Garantir la dignité de chacun

  • Lutter contre la pauvreté

Alors qu’elle avait fortement diminué entre les années 1970 et les années 1990, la pauvreté augmente de nouveau en France. En dix ans, un million de personnes supplémentaires sont tombées dans la pauvreté. Aujourd’hui, c’est 40% des citoyens de ces quartiers qui vivent sous le seuil de pauvreté.


  • Lutter contre les discriminations

Il est encore compliqué de trouver un emploi lorsque l’on a un nom à consonance africaine ou maghrébine. Pour lutter contre les discriminations sur le nom, l'adresse ou l'origine, Emmanuel Macron « souhaite étendre les mesures de testing » des entreprises privées avec une publication des résultats, selon le principe du « name and shame ».


Donner accès à la République :

- Éducation : rétablir la promesse républicaine



  • La division par deux de la taille des classes de CP et CE1 en zones REP et REP+ sera étendue ;
  • La politique “Devoirs faits”, mise en place il y a quelque jour vise à ce que les élèves, qui n’ont pas forcément le meilleur environnement une fois rentrés à la maison pour faire leurs devoirs, puissent les terminer à l’école ;
  • Les élèves cherchant un stage lors de leur 3e seront accompagnés par les proviseurs de leur collège ;
  • Les internats d’excellence seront développés dans les zones sensibles ;
  • Les classes bilangues dans les collèges des quartiers seront maintenues.

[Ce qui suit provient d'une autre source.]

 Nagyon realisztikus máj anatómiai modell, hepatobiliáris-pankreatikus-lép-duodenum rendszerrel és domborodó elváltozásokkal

- Emploi : la clé de l’émancipation

« Que ceux qui défendent les contrats aidés les prennent ! Ils n’en voudraient pas pour eux-mêmes ! »
Emmanuel Macron, le 14 novembre 2017.
  • Un contrat aidé est un contrat à court terme subventionné par l’État. Le contrat aidé joue sur le court-terme : sans formation, ni qualifications au bout et sans certification de reconduction.


Le Gouvernement a décidé d’investir massivement dans les compétences : 15 milliards d’euros seront en effet consacrés à la formation. C’est une vision de long-terme, former les chômeurs, leur permettre d’acquérir de nouvelles compétences et non pas accumuler des contrats sans avenir pour endiguer, enfin, le chômage de masse qui mine notre pays depuis bien trop longtemps.


  • Favoriser l’accès à l’entreprenariat dans les quartiers : l’Agence France Entrepreneur va « devenir une véritable banque publique d'investissement pour les entrepreneurs des quartiers. »

Le programme French Tech Diversité permet à des entrepreneurs issus des quartiers de politique d’être financé pendant un an dans un incubateur French Tech et de bénéficier d’une aide directe de 45.000 euros.